# Principle and implementation of feature selection

Data and features determine the upper limit of machine learning, and models and algorithms only approximate this upper limit. Thus, feature engineering plays an important role in machine learning. In practical application, feature engineering is the key to the success of machine learning.

In actual project, we may have a lot of features can be used, some characteristics of rich information, some characteristics of carrying information overlap, some features are irrelevant, if all features all as training without screening, frequently, dimension disaster problem, even will reduce the accuracy of the model. Therefore, we need to carry out feature screening to exclude invalid/redundant features and select useful features as training data of the model.

1. Characteristics are classified according to importance

Related features:
- It is helpful for learning tasks (such as classification problems) and can improve the effect of learning algorithm.

Irrelevant features:
- There is no help for our algorithm, it will not bring any improvement to the effect of the algorithm;

Redundancy features:
- Does not bring new information to our algorithm, or information about this feature can be inferred from other features;

2. Purpose of feature selection
It is unknown which feature is valid for a particular learning algorithm.

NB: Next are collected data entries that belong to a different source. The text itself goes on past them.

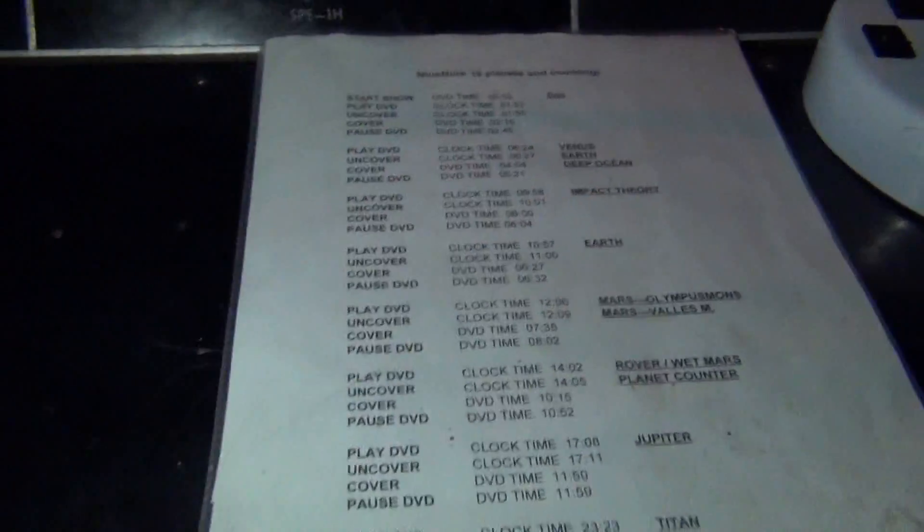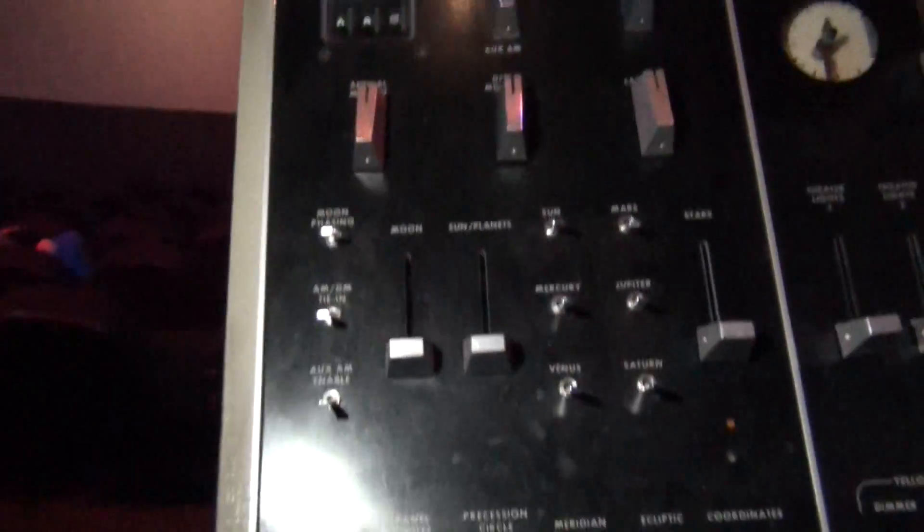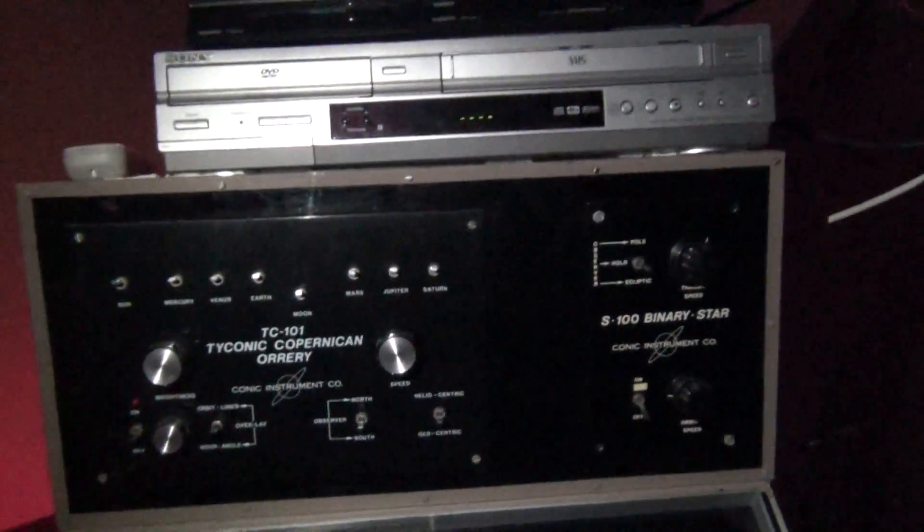Here's the control room. Here is the schedule. Here's the audio. There's space. Binary star — they just have a DirecTV. A bunch of stuff up there.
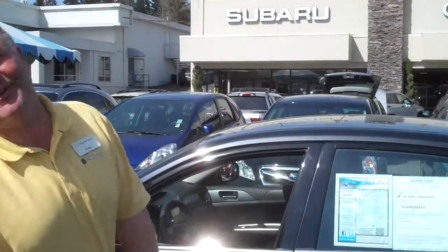My name is Andy Nelson here at Chaplin's Bellevue Subaru I-90 E-Scape. Please give us a call at 425-641-2002. We'd like to schedule an appointment and a test drive. Have a great day. Thanks for watching our video.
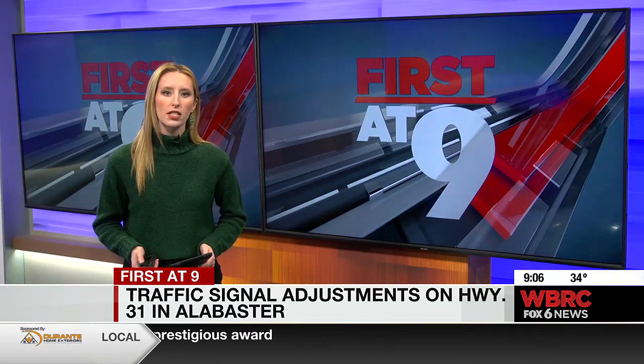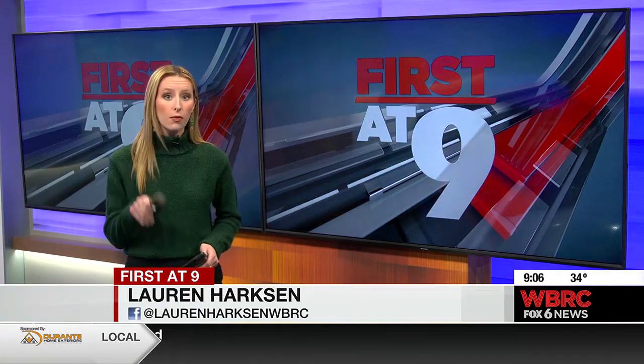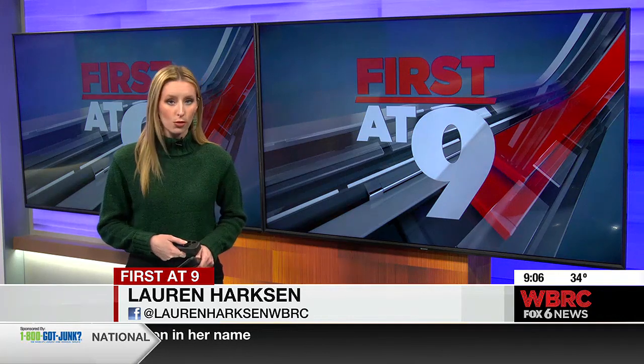Hawkins says they're working on the timing for several signal lights all over the city, including on 119 and First Avenue. If you need to report issues with another signal, you can go to the city's website and click the 'report a concern' button.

Therefore, relevant features beneficial to the learning algorithm need to be selected from all features. In practice, dimension disaster often occurs. If only part of all features are selected to build the model, the running time of the learning algorithm can be greatly reduced and the interpretability of the model can be increased.

3. Principle of feature selection
The feature subset should be as small as possible, the classification accuracy should not be significantly reduced, the classification distribution should not be affected, and the feature subset should be stable and adaptable.

## Method of feature selection
### 1.Filter method (Filter type)

Feature selection is performed first, and then the learner is trained, so the process of feature selection is independent of the learner. It is equivalent to filtering features first and then training classifiers with feature subsets.

Main idea: "score" each one-dimensional feature, that is, assign weight to each one-dimensional feature, such weight represents the importance of the feature, and then rank according to the weight.

Main methods:

- Chi-squared test
- Information gain
- Correlation coefficient (s)

Advantages: fast running speed, is a very popular feature selection method.

Disadvantages: unable to provide feedback, the standard/specification of feature selection is completed in the feature search algorithm, the learning algorithm can not be transmitted to the feature search algorithm requirements. In addition, a feature may be treated as unimportant for any reason, but may become important in combination with other features.

### 2.Wrapper method
The last classifier is directly used as the evaluation function of feature selection and the optimal feature subset is selected for a specific classifier.

Main idea: consider the selection of subsets as a search optimization problem, generate different combinations, evaluate the combinations, and then compare them with other combinations. In this way, the selection of subsets is regarded as an optimization problem, which can be solved by many optimization algorithms, especially some heuristic optimization algorithms, such as GA, PSO (e.g. optimization algorithm - particle swarm algorithm), DE, ABC (e.g. optimization algorithm - artificial swarm algorithm), etc.

Main method: recursive feature elimination algorithm.

Advantages: feature search is carried out around the learning algorithm, the standard/specification of feature selection is carried out in the requirements of the learning algorithm, can consider the arbitrary learning bias of the learning algorithm, so as to determine the best sub-feature, really pay attention to the learning problem itself. Encapsulation can play a huge role because the learning algorithm has to be run every time a particular subset is tried, so it is possible to pay attention to the learning bias/inductive bias of the learning algorithm.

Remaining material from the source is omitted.